Even staunch advocates of psychedelics therapies acknowledge that these guided therapy sessions “are not for everyone”. Micro-dosing applications have greater market penetration potential.

Clinical trials

Clinical trials are formal drug studies that involve testing on human patients. Such clinical trials are closely regulated and must obtain official approval by the appropriate regulator before they can commence.

There are three stages.
i)   Stage 1: safety and tolerance. The drug is tested to make sure that it is both safe and tolerable for human usage within accepted parameters.
ii)  Stage 2: initial testing for efficacy. The efficacy of the drug is tested and optimal dosages are identified.
iii) Stage 3: large-scale efficacy testing. Stage 2 is repeated, but on a larger population and using only optimal dosage(s).

Determining whether a company has advanced to the clinical trials stage is one way of separating the contenders from the pretenders in the psychedelics industry. Equally, the stage of the process is of great importance.

Overall, roughly 14% (nearly 1 in 7) drugs that begin clinical trials eventually obtain drug approval. However, the success rate improves dramatically with drugs that are at a later stage of the process.
Stage 1:  13.8%
Stage 2:  32.4%
Stage 3:  58.3%

Obviously, companies that have reached Stage 2 (or farther) are much more likely to succeed.

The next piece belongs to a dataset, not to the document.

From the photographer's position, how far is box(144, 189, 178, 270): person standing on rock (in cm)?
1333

Equally important, even by Stage 2, drugs with significant commercial potential can already be acquisition targets.

The payday for even a single drug success can amount to as much as hundreds of millions of dollars.

Companies that are in this clinical trials process are potential candidates for such a payday. Companies that are merely “planning” such trials are not.

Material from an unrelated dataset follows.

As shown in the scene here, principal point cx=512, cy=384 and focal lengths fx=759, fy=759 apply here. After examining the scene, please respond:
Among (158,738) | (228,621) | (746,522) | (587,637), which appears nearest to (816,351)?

Psychedelic Stock Watch will provide investors with a more detailed guide on both the clinical trials process and which trials are currently underway in upcoming articles.

Capital raised

As previously noted, clinical trials are a vital part of psychedelics R&D. Funding such clinical trials isn’t cheap.

Estimates of the average cost to bring a new drug to market range from $985 million to $2.6 billion, though many suspect the latter number has been inflated by Big Pharma to justify high drug prices.

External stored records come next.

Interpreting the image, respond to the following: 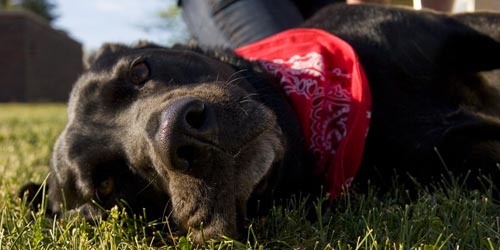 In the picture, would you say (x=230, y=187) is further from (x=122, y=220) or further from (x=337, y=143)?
(x=337, y=143)

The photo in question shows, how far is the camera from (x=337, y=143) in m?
2.52

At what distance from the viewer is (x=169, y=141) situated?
1662 millimetres

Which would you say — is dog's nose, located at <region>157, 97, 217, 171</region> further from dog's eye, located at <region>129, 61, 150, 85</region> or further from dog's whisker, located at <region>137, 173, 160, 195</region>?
dog's eye, located at <region>129, 61, 150, 85</region>

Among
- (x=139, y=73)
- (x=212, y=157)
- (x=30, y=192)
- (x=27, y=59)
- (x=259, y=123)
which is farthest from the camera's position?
(x=27, y=59)

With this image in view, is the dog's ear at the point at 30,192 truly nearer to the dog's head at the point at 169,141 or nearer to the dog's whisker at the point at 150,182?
the dog's head at the point at 169,141

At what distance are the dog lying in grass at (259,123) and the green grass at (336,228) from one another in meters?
0.10

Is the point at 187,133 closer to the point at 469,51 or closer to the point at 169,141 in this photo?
the point at 169,141

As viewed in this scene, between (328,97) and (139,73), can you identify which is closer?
(139,73)

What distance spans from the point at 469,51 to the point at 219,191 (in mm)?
1500

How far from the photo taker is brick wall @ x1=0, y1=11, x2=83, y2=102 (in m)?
21.7

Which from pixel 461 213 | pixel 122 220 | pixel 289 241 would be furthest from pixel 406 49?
pixel 122 220

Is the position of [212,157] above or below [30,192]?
above

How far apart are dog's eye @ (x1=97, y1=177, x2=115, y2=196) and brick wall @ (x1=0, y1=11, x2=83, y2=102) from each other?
2033 cm

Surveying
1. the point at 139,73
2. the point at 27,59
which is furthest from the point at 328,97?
the point at 27,59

Even with the lower figure, this is capital-intensive research. The best scientists in the world can’t produce medical breakthroughs without funding.

When doing due diligence on these companies, this is a critical factor.

Does the company have a track record of being able to raise capital? Does the management team include senior officers with experience and success in funding startups?

If the answer to those two questions is “yes”, then investors need to take a closer look. If the answer to those two questions is “no”, move on to more promising candidates.

Market cap

As noted above, biotech R&D is generally very capital-intensive. It is also time-consuming. It can take as long as 12 years from invention to (final) approval.

Psychedelics microcaps currently entering the space lack the critical mass to pursue such R&D. These are lottery tickets.

Some will pay off. But investors need to understand the level of risk.

If the company can attract sufficient talent, obtain reasonable financing, and pursue a promising area of research, they could generate phenomenal investor gains. A lot of “ifs”.

While increased market caps represent stability for most industries, for biotech companies in particular it is also an indicator of the probability of success.

As a simple function of arithmetic, larger companies can raise more capital on better terms.

Drug R&D is a competition in ingenuity and efficiency. But generally speaking, cash is king.

Larger companies are significantly more likely to make it to the finish line in this race. Investors wanting to seriously invest in this space will want to have significant positions in some of the larger players.

For investors who are prudent and disciplined (and a little lucky), this may be the next great investment opportunity.